Возник же спрос по обстоятельствам весьма характерным: потянулись в село горожане (в основном владимирцы, отчасти и москвичи), те, кого гонят из города к родным осинам деревенские гены. У многих здесь живут упрямые старики, не принимающие городской жизни. Помню первое своё впечатление: деревенская улица, гуси на обочине, а у бревенчатой избы (окна в резных наличниках, конёк на гребне проржавевшей крыши) приткнулся навороченный джип-чероки. Это прикатили к своим дедам-бабушкам успешные внуки.

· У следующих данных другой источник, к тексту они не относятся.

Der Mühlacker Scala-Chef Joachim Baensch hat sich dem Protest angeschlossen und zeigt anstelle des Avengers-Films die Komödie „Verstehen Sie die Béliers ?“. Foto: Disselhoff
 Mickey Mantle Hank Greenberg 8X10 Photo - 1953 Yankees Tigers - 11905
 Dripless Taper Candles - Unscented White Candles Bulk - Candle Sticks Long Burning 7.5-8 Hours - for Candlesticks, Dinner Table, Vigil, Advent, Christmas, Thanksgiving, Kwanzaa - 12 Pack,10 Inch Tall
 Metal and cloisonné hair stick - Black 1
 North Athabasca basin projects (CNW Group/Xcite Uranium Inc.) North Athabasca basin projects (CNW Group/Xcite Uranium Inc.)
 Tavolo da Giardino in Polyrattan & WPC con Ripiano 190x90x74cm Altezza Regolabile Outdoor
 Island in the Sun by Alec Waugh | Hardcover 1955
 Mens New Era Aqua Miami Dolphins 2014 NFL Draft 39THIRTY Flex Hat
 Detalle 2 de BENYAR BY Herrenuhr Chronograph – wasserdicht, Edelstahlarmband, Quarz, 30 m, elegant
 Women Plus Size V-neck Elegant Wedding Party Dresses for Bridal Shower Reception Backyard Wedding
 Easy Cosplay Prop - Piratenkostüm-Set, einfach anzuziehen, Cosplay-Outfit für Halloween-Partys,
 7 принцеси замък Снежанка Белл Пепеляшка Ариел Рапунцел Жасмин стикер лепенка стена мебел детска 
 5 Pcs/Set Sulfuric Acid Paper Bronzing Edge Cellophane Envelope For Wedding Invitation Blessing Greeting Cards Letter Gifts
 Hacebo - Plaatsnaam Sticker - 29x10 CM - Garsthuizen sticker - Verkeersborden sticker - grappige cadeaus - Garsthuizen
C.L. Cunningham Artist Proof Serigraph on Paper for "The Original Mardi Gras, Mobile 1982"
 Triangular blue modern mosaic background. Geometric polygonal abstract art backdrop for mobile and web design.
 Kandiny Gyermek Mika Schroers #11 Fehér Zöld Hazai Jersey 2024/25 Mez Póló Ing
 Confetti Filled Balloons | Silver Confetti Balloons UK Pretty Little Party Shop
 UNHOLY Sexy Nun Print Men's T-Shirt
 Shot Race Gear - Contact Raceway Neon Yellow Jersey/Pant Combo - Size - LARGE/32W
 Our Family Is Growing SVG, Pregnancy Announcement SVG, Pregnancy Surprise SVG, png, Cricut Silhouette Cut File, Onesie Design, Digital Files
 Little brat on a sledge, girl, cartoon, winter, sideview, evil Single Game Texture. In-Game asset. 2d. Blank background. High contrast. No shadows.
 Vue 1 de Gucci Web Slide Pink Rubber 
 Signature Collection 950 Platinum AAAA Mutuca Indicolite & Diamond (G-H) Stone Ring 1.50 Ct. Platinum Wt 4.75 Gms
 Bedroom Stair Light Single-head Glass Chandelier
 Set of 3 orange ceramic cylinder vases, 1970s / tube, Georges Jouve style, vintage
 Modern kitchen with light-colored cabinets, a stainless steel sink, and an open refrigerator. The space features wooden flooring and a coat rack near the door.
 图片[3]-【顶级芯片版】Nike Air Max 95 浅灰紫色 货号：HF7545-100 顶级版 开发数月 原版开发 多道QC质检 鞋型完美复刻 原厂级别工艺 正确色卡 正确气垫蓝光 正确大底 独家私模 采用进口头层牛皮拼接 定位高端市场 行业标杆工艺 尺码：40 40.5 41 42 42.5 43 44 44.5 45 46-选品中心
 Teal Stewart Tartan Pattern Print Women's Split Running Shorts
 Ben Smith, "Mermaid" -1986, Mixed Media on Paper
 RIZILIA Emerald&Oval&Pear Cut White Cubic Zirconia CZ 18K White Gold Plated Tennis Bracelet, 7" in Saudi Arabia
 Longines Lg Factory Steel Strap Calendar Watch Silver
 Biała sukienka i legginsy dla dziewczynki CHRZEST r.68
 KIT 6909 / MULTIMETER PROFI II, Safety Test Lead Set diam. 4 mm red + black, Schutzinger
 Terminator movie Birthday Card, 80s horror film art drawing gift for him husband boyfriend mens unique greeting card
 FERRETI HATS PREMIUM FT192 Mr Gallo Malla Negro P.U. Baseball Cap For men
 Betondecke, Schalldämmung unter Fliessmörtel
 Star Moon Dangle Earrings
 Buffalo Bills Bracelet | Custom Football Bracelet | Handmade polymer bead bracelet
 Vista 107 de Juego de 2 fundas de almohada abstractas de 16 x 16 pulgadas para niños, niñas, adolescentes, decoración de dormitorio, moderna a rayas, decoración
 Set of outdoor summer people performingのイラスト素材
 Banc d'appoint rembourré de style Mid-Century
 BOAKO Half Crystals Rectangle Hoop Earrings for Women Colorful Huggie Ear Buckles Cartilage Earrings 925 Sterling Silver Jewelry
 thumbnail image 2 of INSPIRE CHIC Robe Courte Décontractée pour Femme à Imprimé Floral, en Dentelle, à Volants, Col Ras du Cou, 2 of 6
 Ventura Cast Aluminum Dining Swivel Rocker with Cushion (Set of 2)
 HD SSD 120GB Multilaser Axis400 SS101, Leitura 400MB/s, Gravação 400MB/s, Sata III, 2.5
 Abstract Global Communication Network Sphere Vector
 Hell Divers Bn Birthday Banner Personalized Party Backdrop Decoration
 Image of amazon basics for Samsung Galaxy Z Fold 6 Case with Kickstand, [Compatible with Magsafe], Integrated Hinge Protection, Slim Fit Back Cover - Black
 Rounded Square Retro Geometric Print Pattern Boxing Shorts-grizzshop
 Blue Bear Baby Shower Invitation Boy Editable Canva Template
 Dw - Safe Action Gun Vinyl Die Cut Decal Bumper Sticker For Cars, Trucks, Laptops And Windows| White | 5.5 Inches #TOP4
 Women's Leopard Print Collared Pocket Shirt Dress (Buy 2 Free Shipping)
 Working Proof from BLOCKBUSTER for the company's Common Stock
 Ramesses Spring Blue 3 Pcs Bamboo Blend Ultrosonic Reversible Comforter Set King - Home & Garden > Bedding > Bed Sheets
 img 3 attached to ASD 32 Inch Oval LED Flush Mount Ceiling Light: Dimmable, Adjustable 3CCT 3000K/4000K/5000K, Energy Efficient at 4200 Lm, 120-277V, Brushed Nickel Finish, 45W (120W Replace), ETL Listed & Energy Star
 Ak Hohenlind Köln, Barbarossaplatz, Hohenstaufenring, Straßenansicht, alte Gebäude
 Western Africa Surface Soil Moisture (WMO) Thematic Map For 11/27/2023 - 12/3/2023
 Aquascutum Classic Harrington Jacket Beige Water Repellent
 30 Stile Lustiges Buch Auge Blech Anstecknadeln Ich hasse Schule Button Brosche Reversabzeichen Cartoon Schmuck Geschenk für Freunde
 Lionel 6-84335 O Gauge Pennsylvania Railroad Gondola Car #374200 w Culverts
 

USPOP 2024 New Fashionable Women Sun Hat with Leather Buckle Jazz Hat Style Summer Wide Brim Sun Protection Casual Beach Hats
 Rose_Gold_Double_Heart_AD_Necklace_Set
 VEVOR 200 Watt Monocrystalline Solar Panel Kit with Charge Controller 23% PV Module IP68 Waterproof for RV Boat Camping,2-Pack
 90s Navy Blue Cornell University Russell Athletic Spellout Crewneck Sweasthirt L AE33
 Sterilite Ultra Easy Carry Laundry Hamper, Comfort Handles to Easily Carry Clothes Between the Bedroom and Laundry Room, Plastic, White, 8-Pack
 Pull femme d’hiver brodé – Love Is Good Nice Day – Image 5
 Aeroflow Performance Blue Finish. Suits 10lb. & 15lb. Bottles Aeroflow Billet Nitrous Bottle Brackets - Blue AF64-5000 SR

Так вот, близко наблюдая работу таких артелей, я обнаружил тенденцию: в деревне идёт весьма выразительное расслоение – на хватких трудяг и безалаберных выпивох. По артельным правилам, как выяснилось, выпивка в рабочие дни исключена. Знаю историю одной артели, распавшейся только потому, что один из её участников, мастеровитый плотник, стал прикладываться, нарушив рабочий ритм всей бригады и понизив качество её труда. Брак же в работе одного – удар по репутации всех. В условиях конкуренции (и ощутимой безработицы!) с постоянным заработком оказываются только те, кто развил в себе инстинкт самодисциплины.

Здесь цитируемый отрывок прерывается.